• _Your goal_
Leave the pictures out and repeat the rest of the data below exactly.

[Start of section]

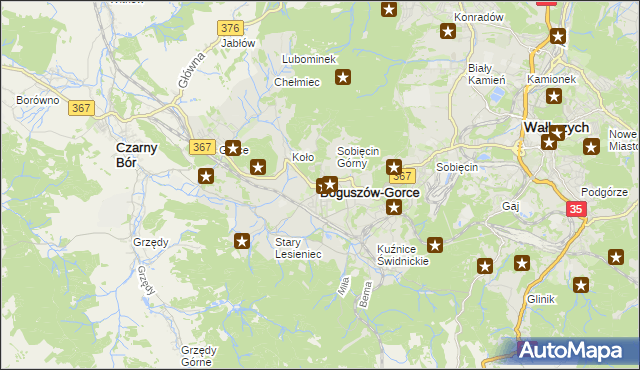 mapa Boguszów-Gorce, Boguszów-Gorce na mapie Targeo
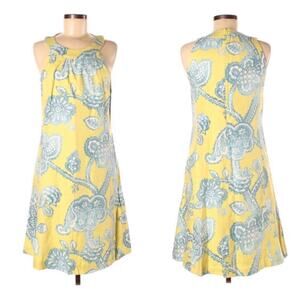 J. McLaughlin Edie Linen A Line Dress sz 0 Yellow Blue Paisley Preppy Summer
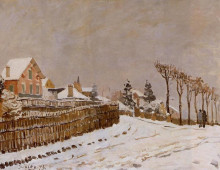 Копия картины "snow at louveciennes" художника "сислей альфред"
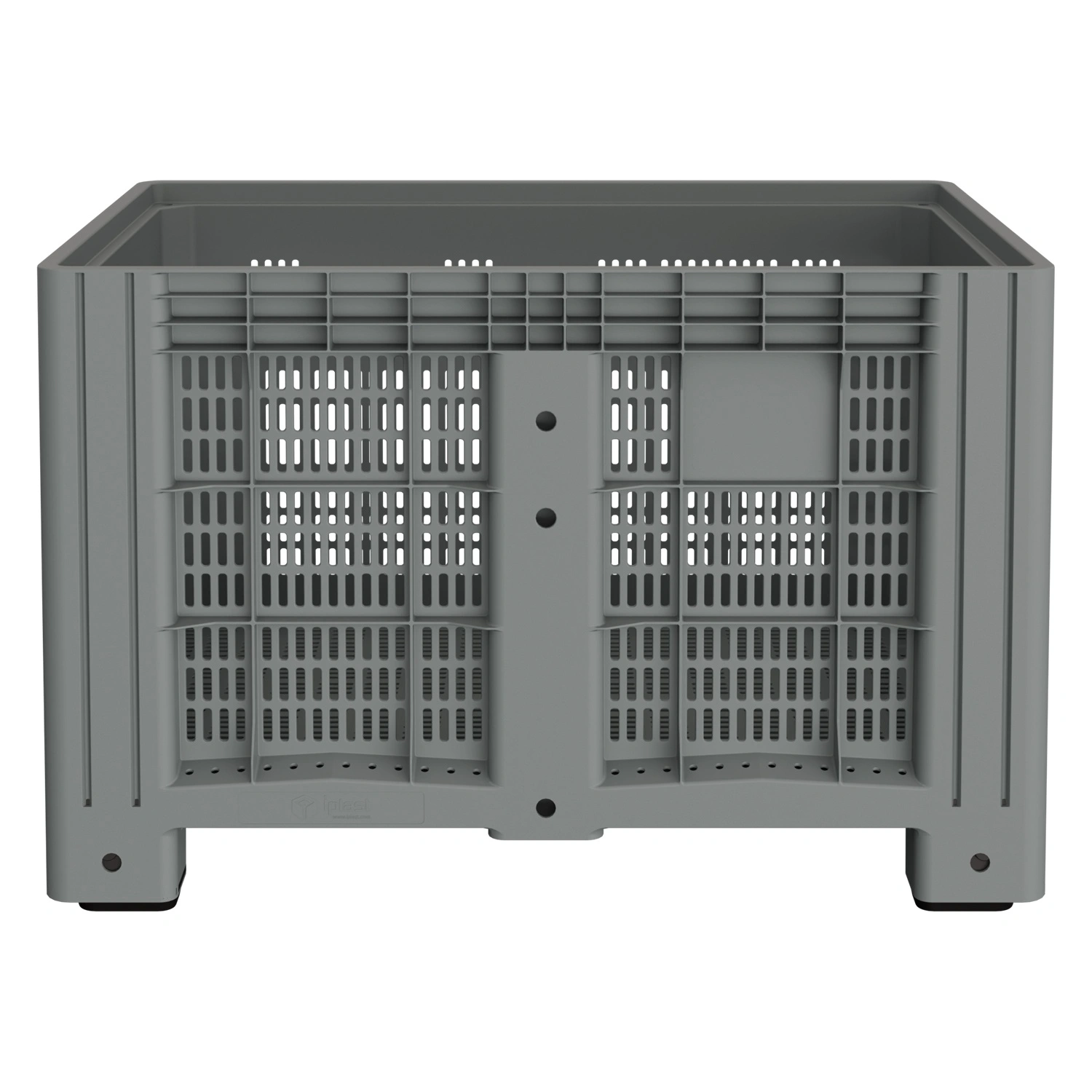 Большой контейнер 1200x800x800 мм iPlast iBOX светло-серый c перфорированными стенками и дном, на ножках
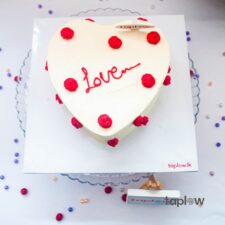 White Heart Romance Cake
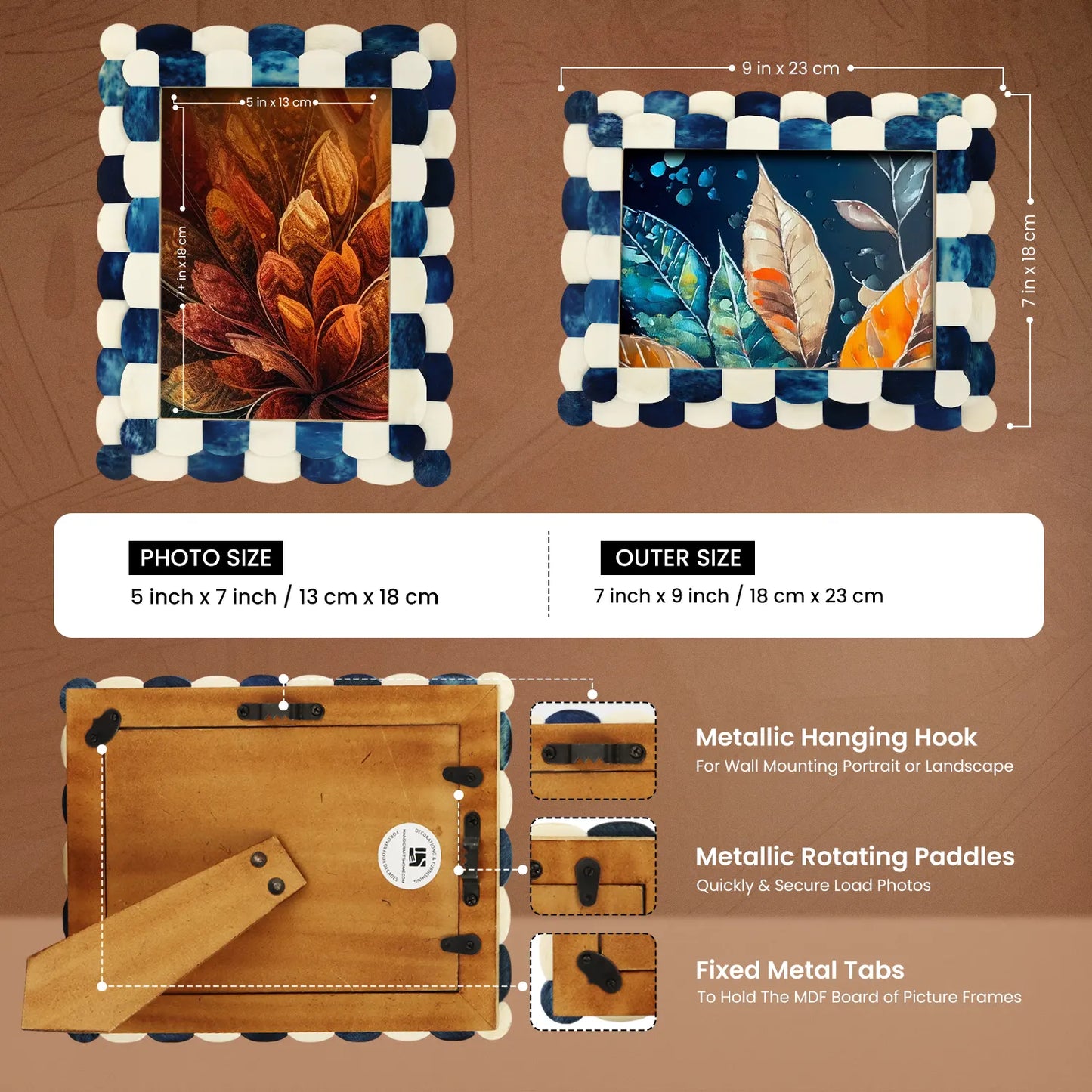 Picture Frames Scalloped Pattern Bone Inlay Collection in 4 sizes, Blue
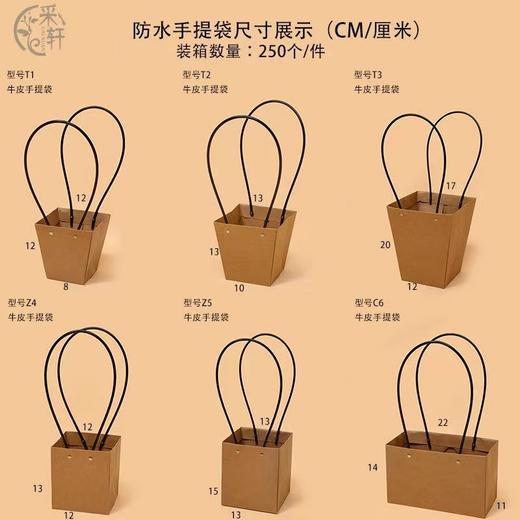 【粉色/牛皮色】牛皮纸防水手提袋/梯形提袋/长方形提袋（10个/包） 商品图4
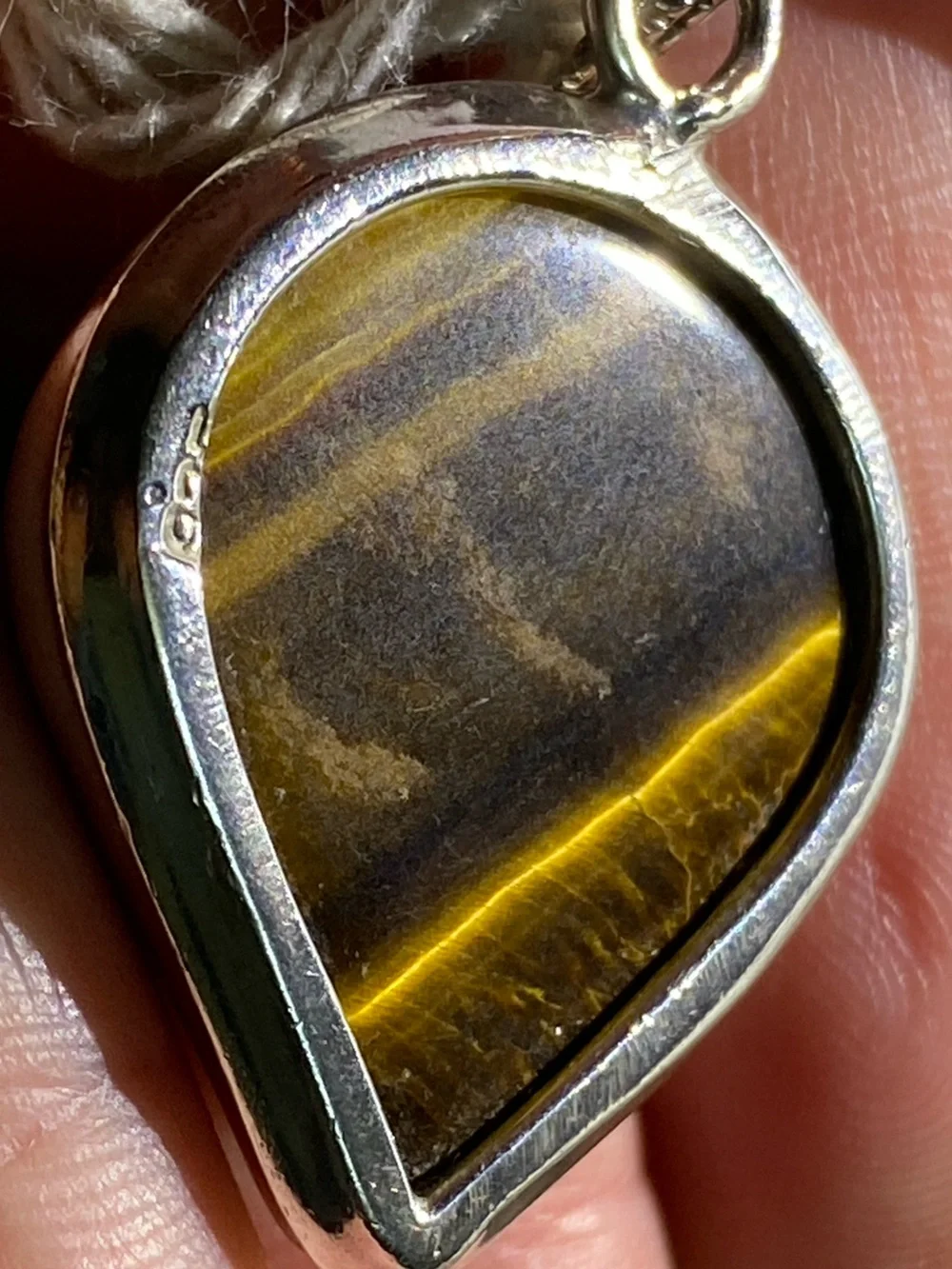 Teardrop Tiger's Eye Pendant in Sterling Setting - Brown/Gold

[End of section]

• _Exercise solution_
 mapa Boguszów-Gorce, Boguszów-Gorce na mapie Targeo
 J. McLaughlin Edie Linen A Line Dress sz 0 Yellow Blue Paisley Preppy Summer
 Копия картины "snow at louveciennes" художника "сислей альфред"
 Большой контейнер 1200x800x800 мм iPlast iBOX светло-серый c перфорированными стенками и дном, на ножках
 White Heart Romance Cake
 Picture Frames Scalloped Pattern Bone Inlay Collection in 4 sizes, Blue
 【粉色/牛皮色】牛皮纸防水手提袋/梯形提袋/长方形提袋（10个/包） 商品图4
 Teardrop Tiger's Eye Pendant in Sterling Setting - Brown/Gold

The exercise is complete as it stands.